### Supplied information
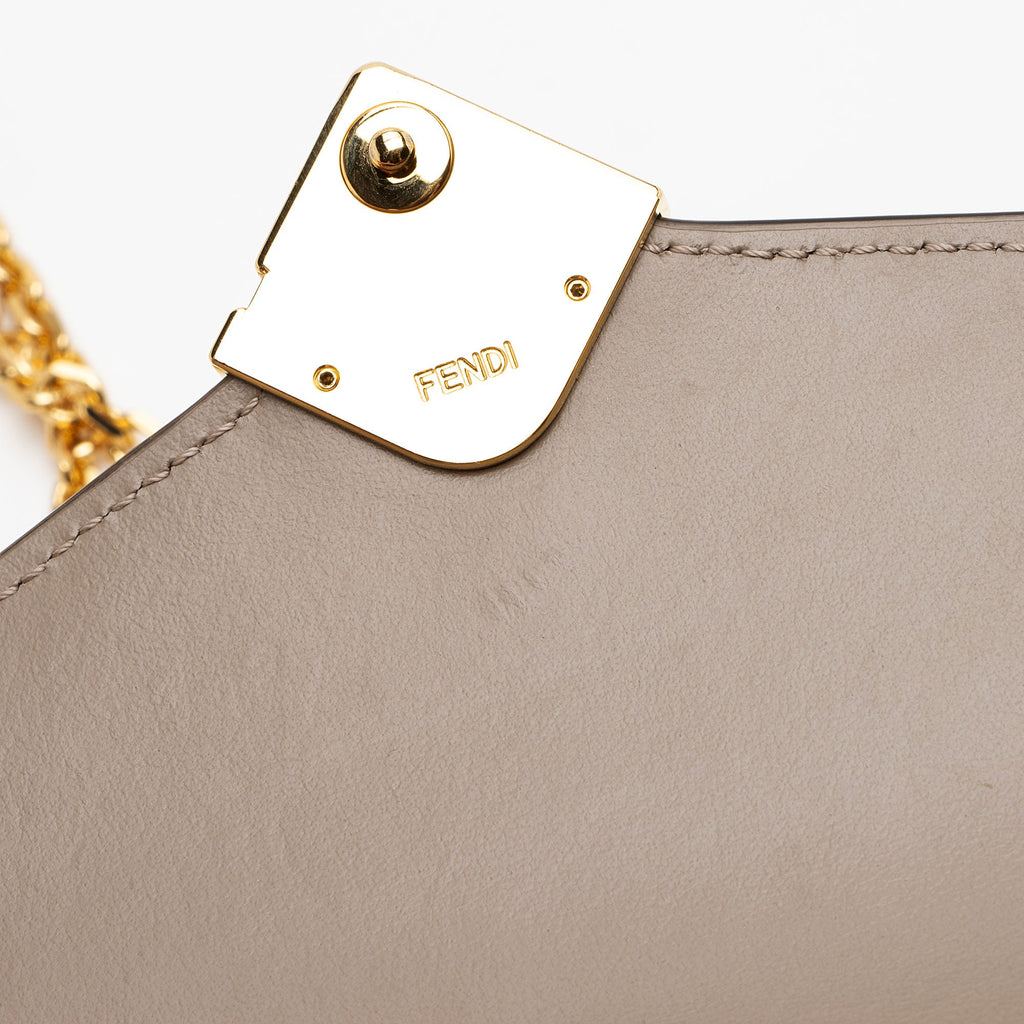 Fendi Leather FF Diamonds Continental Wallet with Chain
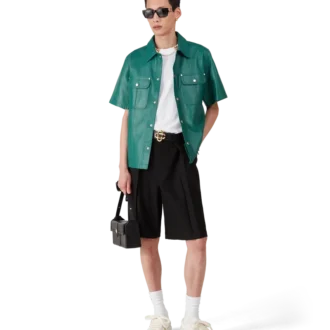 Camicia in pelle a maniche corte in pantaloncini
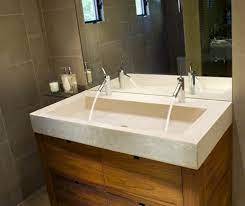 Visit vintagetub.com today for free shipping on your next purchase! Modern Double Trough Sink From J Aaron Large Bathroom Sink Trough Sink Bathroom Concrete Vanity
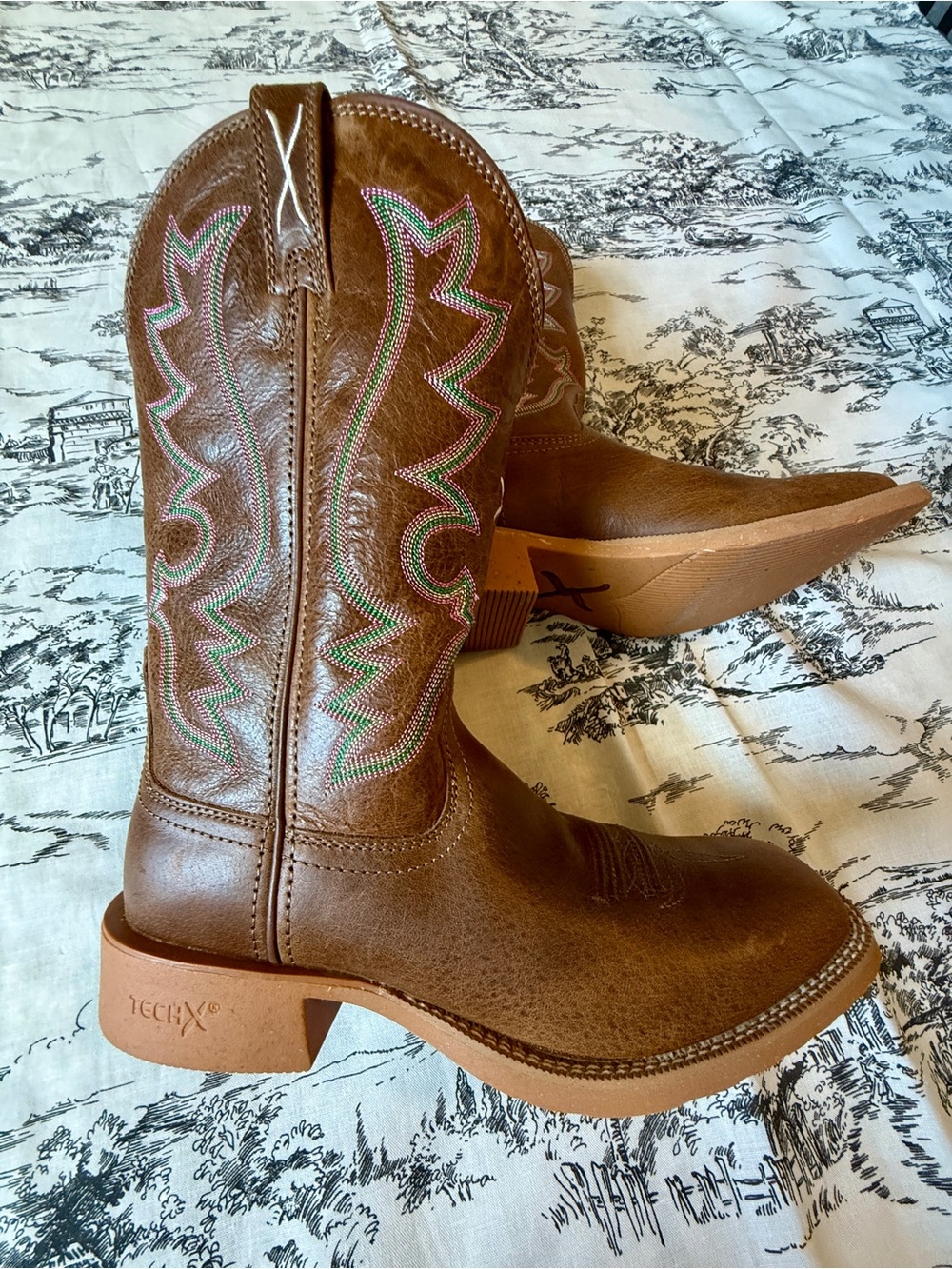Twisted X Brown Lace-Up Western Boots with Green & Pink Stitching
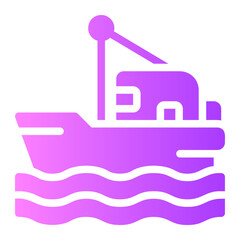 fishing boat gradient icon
---
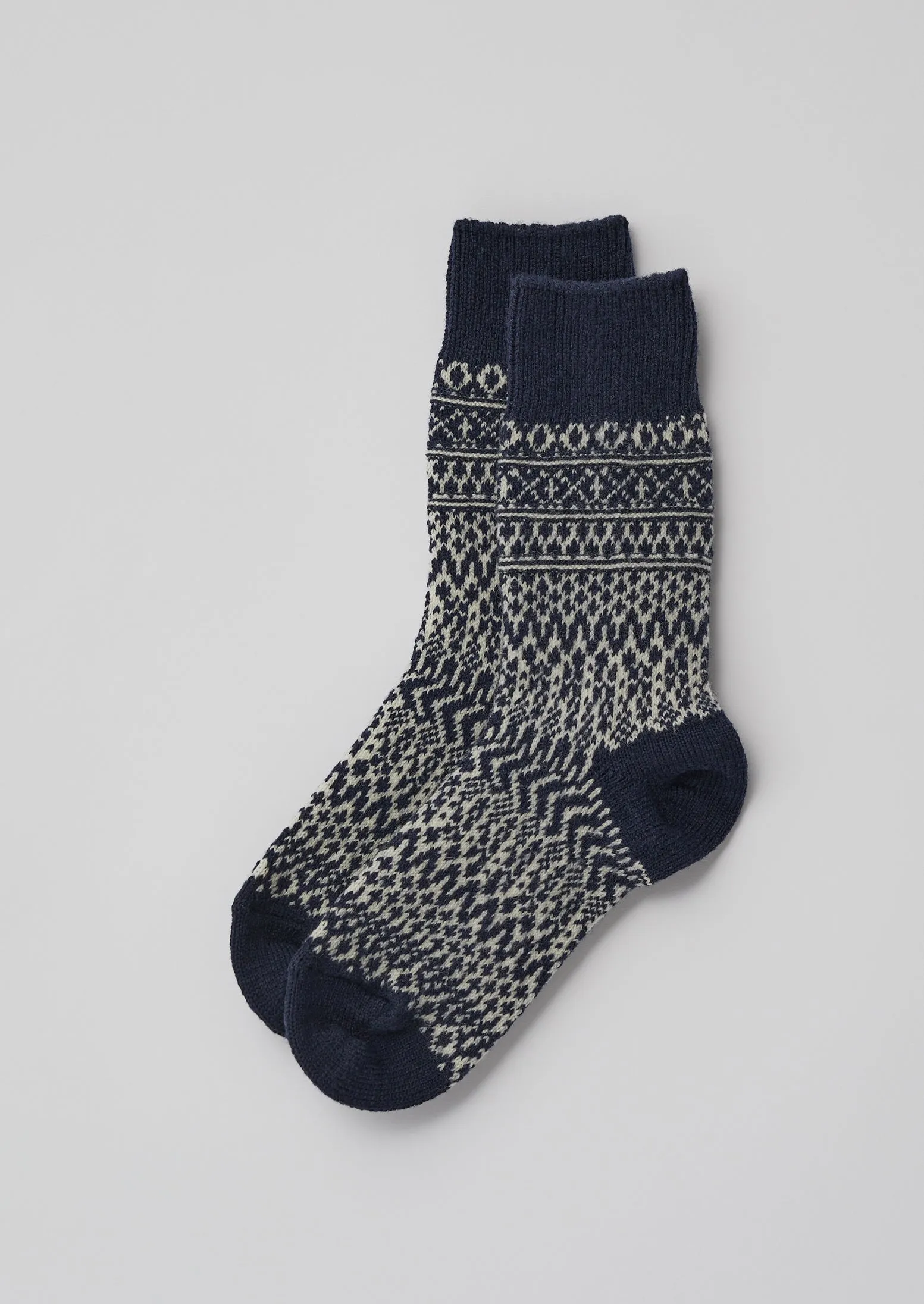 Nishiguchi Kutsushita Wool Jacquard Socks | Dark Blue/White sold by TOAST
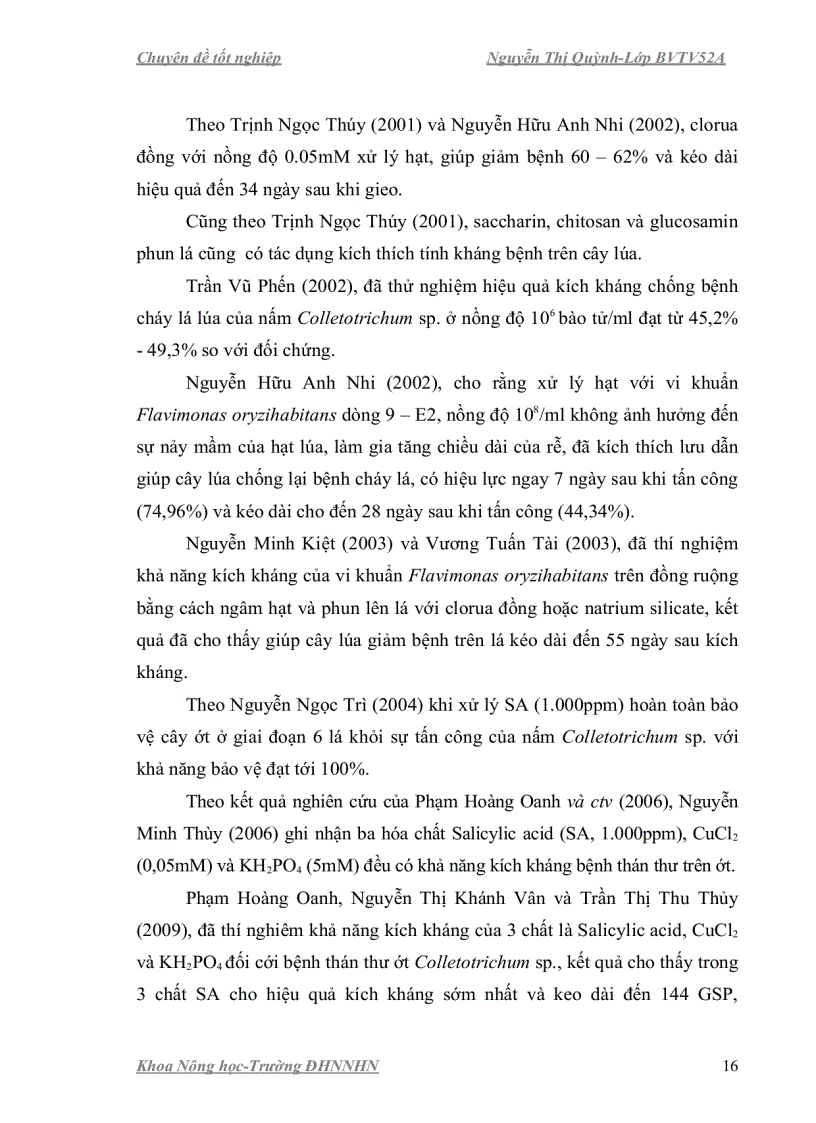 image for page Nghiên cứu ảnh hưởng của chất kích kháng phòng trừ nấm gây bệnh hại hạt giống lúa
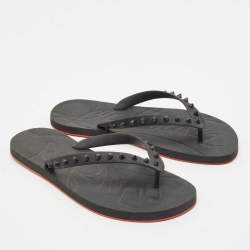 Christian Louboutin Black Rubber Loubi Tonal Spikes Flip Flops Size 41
==
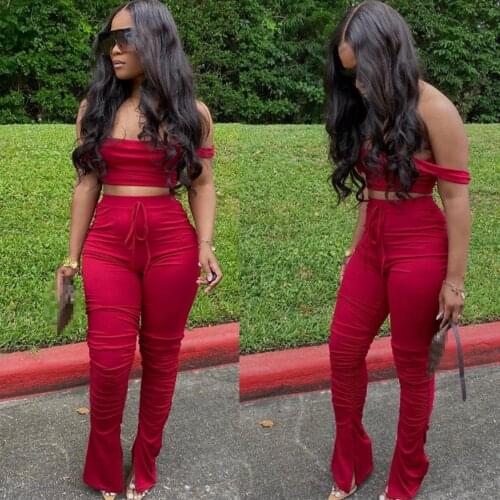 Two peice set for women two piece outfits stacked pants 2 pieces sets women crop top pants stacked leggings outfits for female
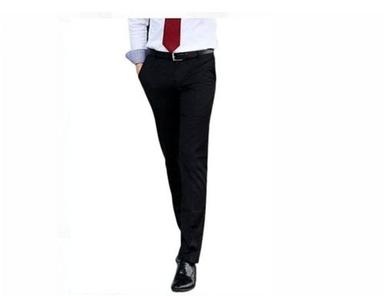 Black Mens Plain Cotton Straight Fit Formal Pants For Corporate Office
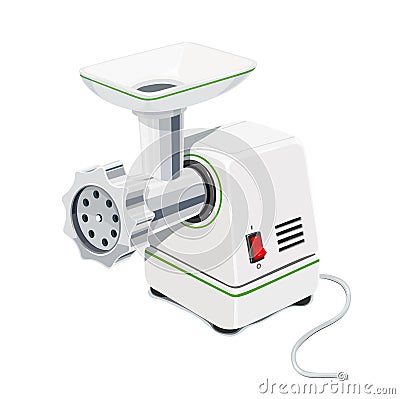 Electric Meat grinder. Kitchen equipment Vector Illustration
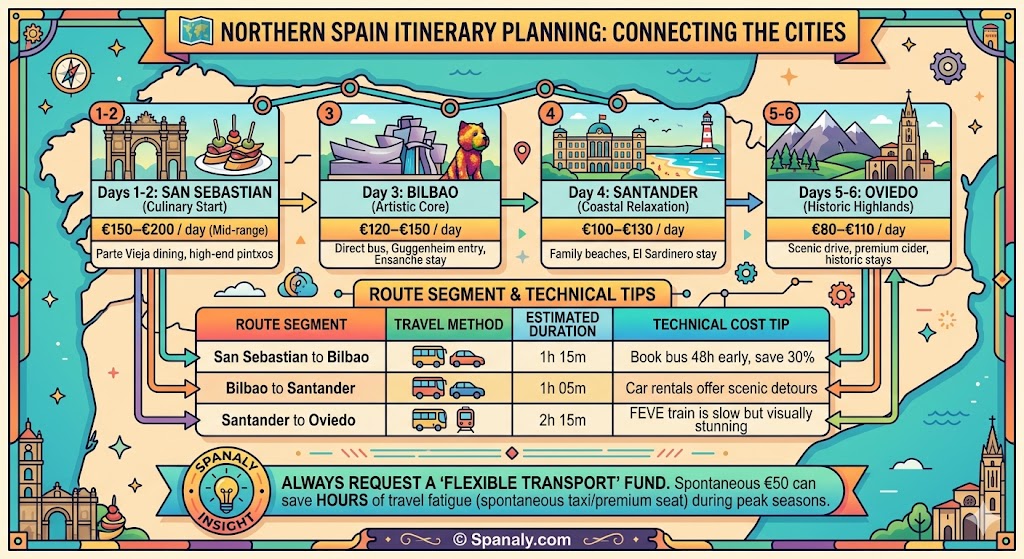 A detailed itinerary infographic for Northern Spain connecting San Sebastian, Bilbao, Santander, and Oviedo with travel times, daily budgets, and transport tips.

### Task description
Leaving every picture aside, reproduce exactly the lines above from the one with "Twisted X Brown" up to and including the one with "fishing boat gradient icon", and no others.

### Answer space
Twisted X Brown Lace-Up Western Boots with Green & Pink Stitching
 fishing boat gradient icon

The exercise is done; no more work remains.